Algunos familiares de víctimas comenzaron a apuntar contra la banda, generando una grieta entre las agrupaciones que se fueron conformando luego de Cromañón. Cuentan algunxs sobrevivientes y, por lo tanto, testigos directos de la masacre, que se tornaba contradictorio querer culpar a quienes entraron a Cromañón a rescatar a sus hermanos, de haberlos querido matar un rato antes. Pero, en 2011, la jueza Liliana Catucci decidió condenar a los músicos. Es menester destacar que Patricio, solo por ser el cantante, tuvo una condena mayor que el resto de los músicos. Es la cara visible, el autor de las letras de la banda. En 2013 fueron detenidos, sin condena firme y, en 2018, Pato fue el último de los músicos en disponer de su ¿libertad? Por otro lado, distintos funcionarios e inspectores, que fueron condenados por formar parte de la red que terminó autorizando el funcionamiento del lugar, no estuvieron presos o fueron sobreseídos. 

Es difícil escribir cuando no se estuvo ahí. Hasta avergüenza un poco ¿Qué podemos contarles a quienes sí estuvieron? Recuerdo el relato de un viejo amigo, un año después. Cuando nos reencontrábamos en el lugar donde solíamos pasar nuestro verano. Era tan actual, tan estremecedor. Las secuelas físicas continuaban y las del alma, esas, no desaparecerán jamás. Entonces, a estxs pibxs, no podemos contarles nada.

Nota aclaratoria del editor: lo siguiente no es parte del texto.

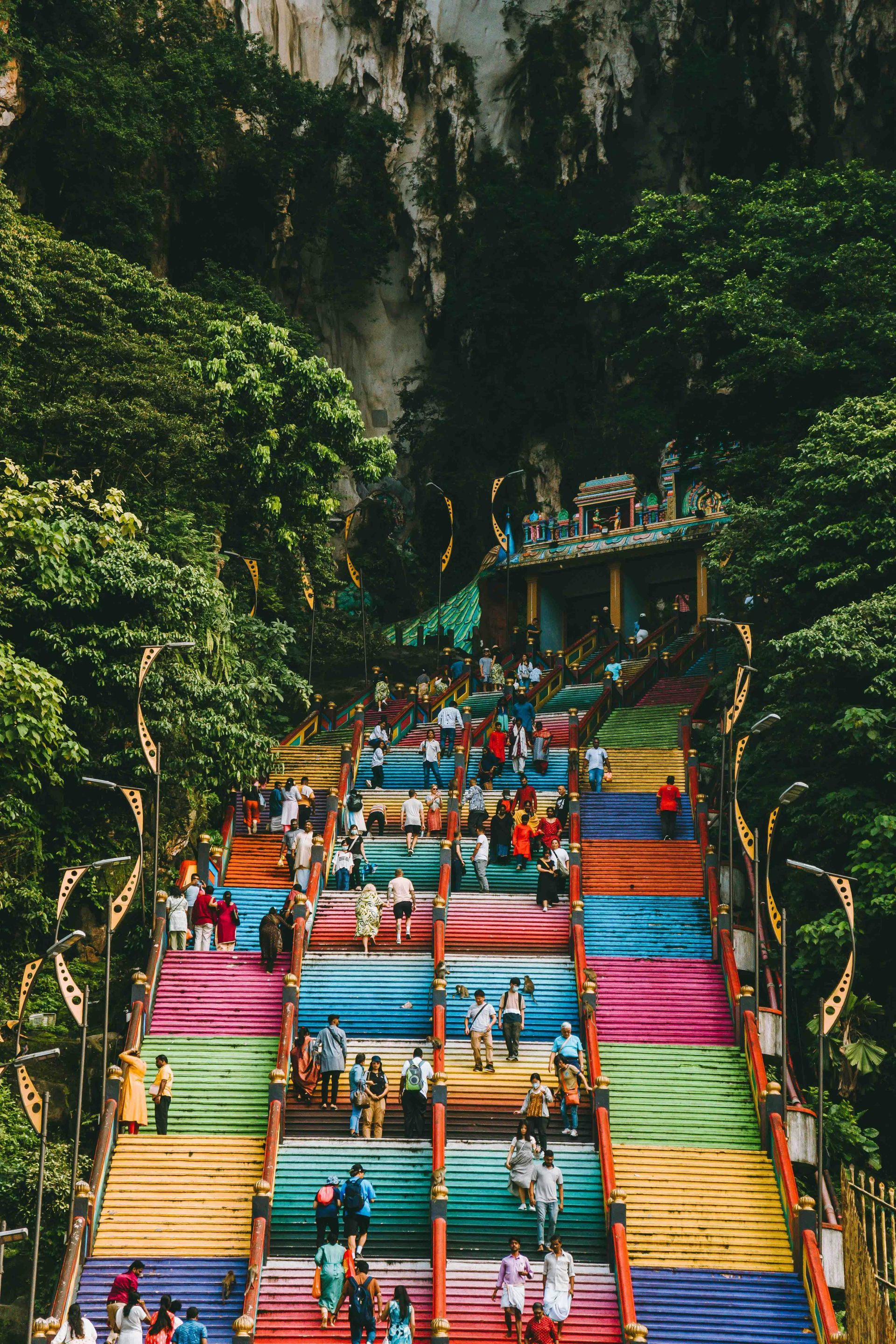 A group of people are walking down a set of colorful stairs at the Batu Caves in Malaysia.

Solo podemos pedirles perdón, por las veces que miramos para otro lado, por un Estado que no se hace responsable, por las veces que los vimos y no los miramos. También podemos intentar contar algo de todo esto al resto del mundo, a lxs pibxs de hoy. Porque 20 años es poco, pero a la vez es tanto, que muchxs no conocen la historia. La única forma de que no se repita, es ponerle palabras. Nunca serán las más justas, pero servirán para que esta sociedad pueda elaborar algo de su pasado y cuidar a lxs que vienen.

En 2022 se aprobó el proyecto de ley para expropiar el edificio de Cromañón y recuperarlo como un espacio de memoria. Pero, a pesar de que la ley se encuentra reglamentada, aún sigue perteneciendo a su dueño original.

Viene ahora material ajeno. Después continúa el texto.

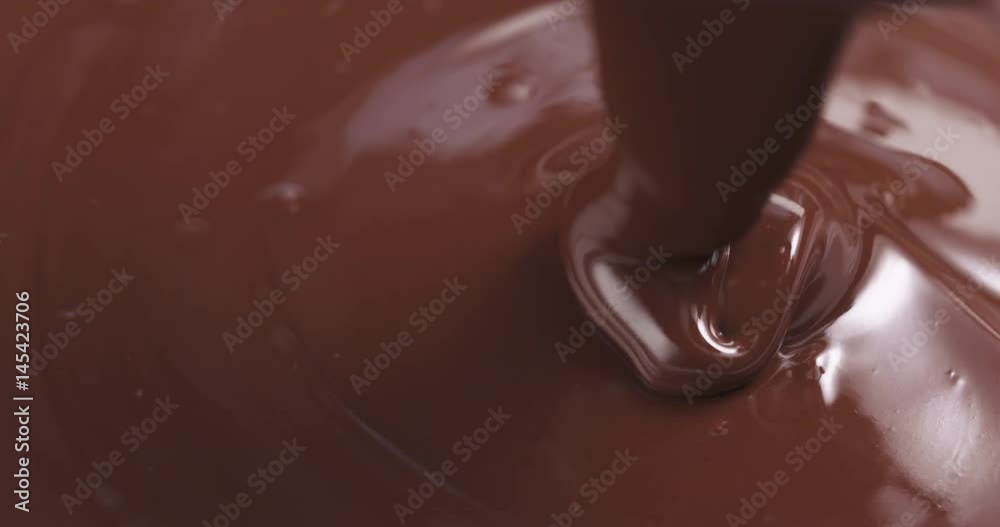 Slow motion of premium dark melted chocolate being poured from spoon in right part of frame, 4k 60fps prores footage Slow motion of premium dark melted chocolate being poured from spoon in right part of frame, 4k 60fps prores footage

Este año vencía la ley de reparación integral 4786, que entrega algún tipo de compensación a los sobrevivientes de la Masacre. Lucha mediante, se logró mejorar la ley vigente, aunque se sigue para que el Gobierno de la Ciudad se responsabilice y para que cada sobreviviente sea reconocido como tal.

Cuando se habla de Memoria, Verdad y Justicia, en este país hay un ejemplo muy claro que seguir. Las madres y las abuelas nos enseñaron que la venganza es distinta a la Justicia, y que los caminos correctos siempre son los de la ternura y el amor para hacer frente al horror y la injusticia.